Lemaire sent out Spring/Summer 2027 as a study in translucence, pleats and soft-focus tailoring, the kind of clothes that do not shout but still make a room turn. The collection moved with a cinematic ease, built on featherweight layers, roomy pleated trousers and a sensual finish that made quiet luxury feel less like a slogan than a mood.
The house showed the lineup on June 24 at 12:30 during Paris Men’s Fashion Week, part of an official calendar that ran from Tuesday, June 23 to Sunday, June 28, 2026. That slot sat inside a packed menswear week with Louis Vuitton, Dior Homme, Rick Owens, Amiri, Yohji Yamamoto, Dries Van Noten, Givenchy, Hermès and Celine all in the mix, which only made Lemaire’s restraint look sharper. In a season crowded with spectacle, Christophe Lemaire and Sarah-Linh Tran leaned into composure.
The brand says the season "harvests a world of eclectic things," and that idea showed up in the clothes without turning messy. The house also frames the collection around a renewed sense of idealism and curiosity, shaped by "searching and gathering unexpected references" so individuality comes through exploration, collecting and transformation. That gives the show its intelligence. Nothing felt overworked; everything felt chosen.

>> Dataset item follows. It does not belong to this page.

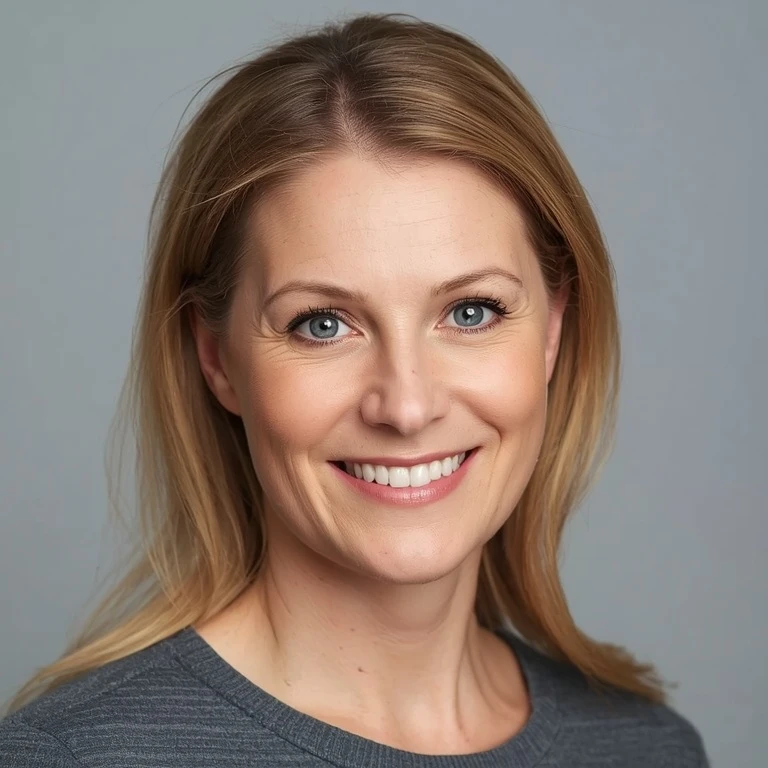 Katarzyna Wrońska Obraz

The strongest pieces lived in the textures. On the menswear side, garment-dyed cotton mimicked oxidized copper, shantung tailoring kept its polish without feeling stiff, and yukata-inspired wrap shirts brought a loosened, almost travel-ready elegance. Lightweight leather Mandarin jackets, sheer nylon, cotton voile and cotton mesh kept the surface alive, while soft defined shoulders stopped the silhouette from collapsing into mush. The womenswear leaned harder into 1970s romanticism, with oxblood, chalk, vivid red and warm wood, plus lacquered bark motifs, poplin, linen, viscose and sporty jersey details that gave the softness some bite.
Claudine Wick’s dreamlike paintings of bodies, birds, flowers and hands added another layer of sensuality, and that matters because Lemaire has always worked best when art, fabric and function meet in the same frame. Led by Christophe Lemaire and Sarah-Linh Tran, the house keeps pushing its balance of form and function for everyday life, which is exactly why this collection lands beyond the runway. The lesson is simple: if you want old-money polish without stiffness, borrow the movement, the transparency and the texture, then let the clothes breathe on summer nights and long flights.